Inspiré par les grands peintres de l’époque, Gauguin, Cézanne et Bonnard notamment, Robert Micheau-Vernez ne lésine pas sur les couleurs, de telle sorte que l’on repère la matière peinte sur la toile. « Une explosion de couleur ! », s’exclame Régine Le Normand-Bernier, adjointe chargée de la culture à la mairie de Larmor-Plage, visiblement ravie.

Faïences de Robert Micheau-Vernez
Certaines faïences de robert Micheau-Vernez sont exposées en août 2021 à l’espace culturel des Coureaux à Larmor-Plage (morbihan).

« Pas un peintre breton »

Le peintre brestois représente des planches, des voiliers, des plages bondées ou encore des bigoudènes. Plusieurs tableaux illustrent la Bretagne d’il y a plusieurs décennies et trouvent donc toute leur place dans le Festival Interceltique de Lorient.

Toutefois, Robert Micheau-Vernez ne se cantonne pas à cela. Son fils précise un peu la chose : « Mon père n’était pas un peintre breton mais plutôt un Breton qui peint. » Ainsi, certains tableaux montrent la Provence, où il vécut, ou alors Venise, où il passa, ainsi que Jérusalem.

La diversité de la création de Robert Micheau-Vernez dépasse de beaucoup le cadre de ta peinture. L’exposition montre cela en comportant certaines des faïences réalisées pour l’entreprise Henriot, à l’origine de la renommée de l’artiste en Bretagne. « Comme un bel arbre cachant la forêt », philosophe son fils, souhaitant rendre justice aux autres créations de son père comme ses dessins et illustrations.

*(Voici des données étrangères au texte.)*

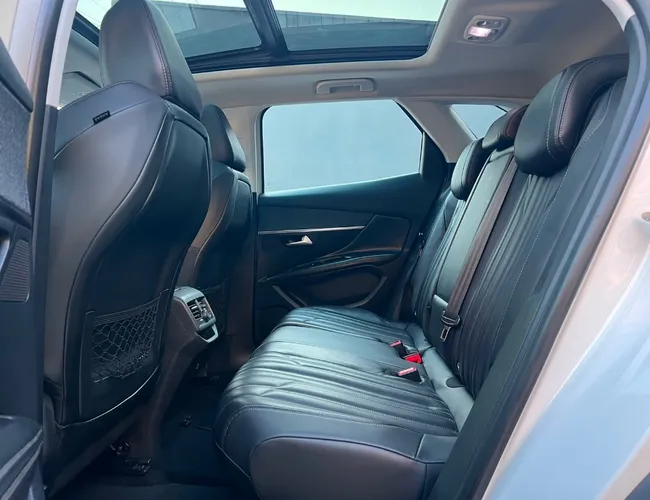 Imagem 7 – 3008 2018 1.6 Griffe Thp 16V Gasolina 4P Automático
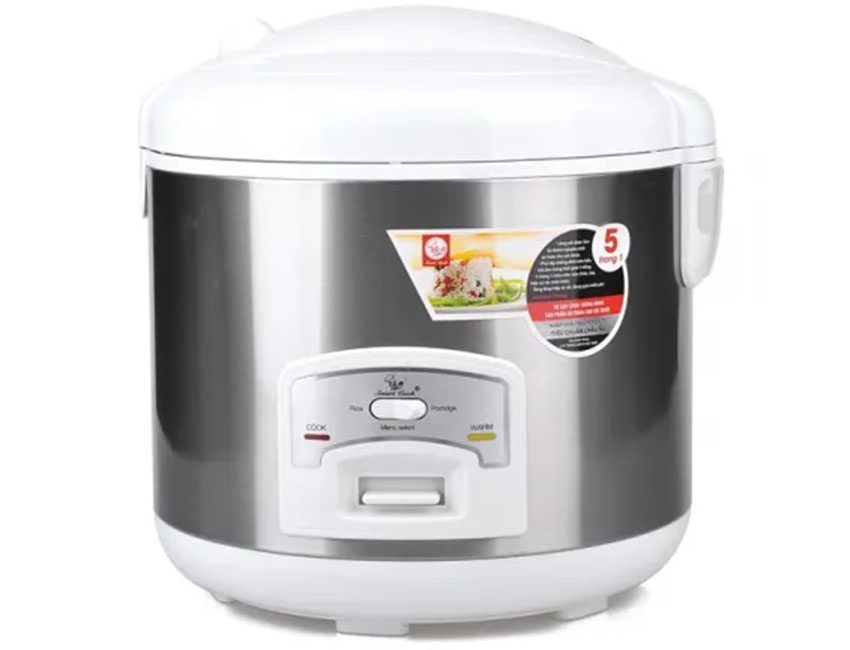 Nồi cơm điện Elmich  EL-7167 - Hàng chính hãng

Ainsi, l’espace culturel accueille quelques affiches réalisées par l’artiste, dont celle de la première édition de la Fête des cornemuses, qui avait eu lieu à Lorient en 1971. Un important symbole puisque cet événement devient, l’année suivante, le Festival Interceltique des cornemuses et, en 1979, le Festival Interceltique de Lorient. Cinquante ans après, cette exposition a donc le goût doux retour aux sources.

Exposition visible, ce 10 h à 13 h et de 16 h à 19 h, espace culturel des Coureaux à Larmor-Plage.

Publié le 10 août 2021 par Valentin Chomienne – Ouest-France ©

Et pourquoi pas faire estimer ses faïences samedi ? (Ouest-France).

Ce samedi 7 août 2021, à Quimper (Finistère) le conservateur du musée de la Faïence, Bernard Verlingue, expertisera les faïences endormies au fond de vos placards. Avec les amis du musée, il vous racontera leur histoire.

Jérémy Varoquier
Jérémy Varoquier, assistant du conservateur du Musée de la Faïence de Quimper, présente une pièce intéressante examinée par les Amis du Musée de La Faïence en août 2020

Chaque mois d’août, la matinée d’estimation des faïences, au Musée de la Faïence, rue Jean-Baptiste-Bousquet, à Quimper (Finistère) est un rendez-vous prisé des particuliers, amateurs de faïence, qui souhaitent se documenter et connaître la valeur de leurs trésors.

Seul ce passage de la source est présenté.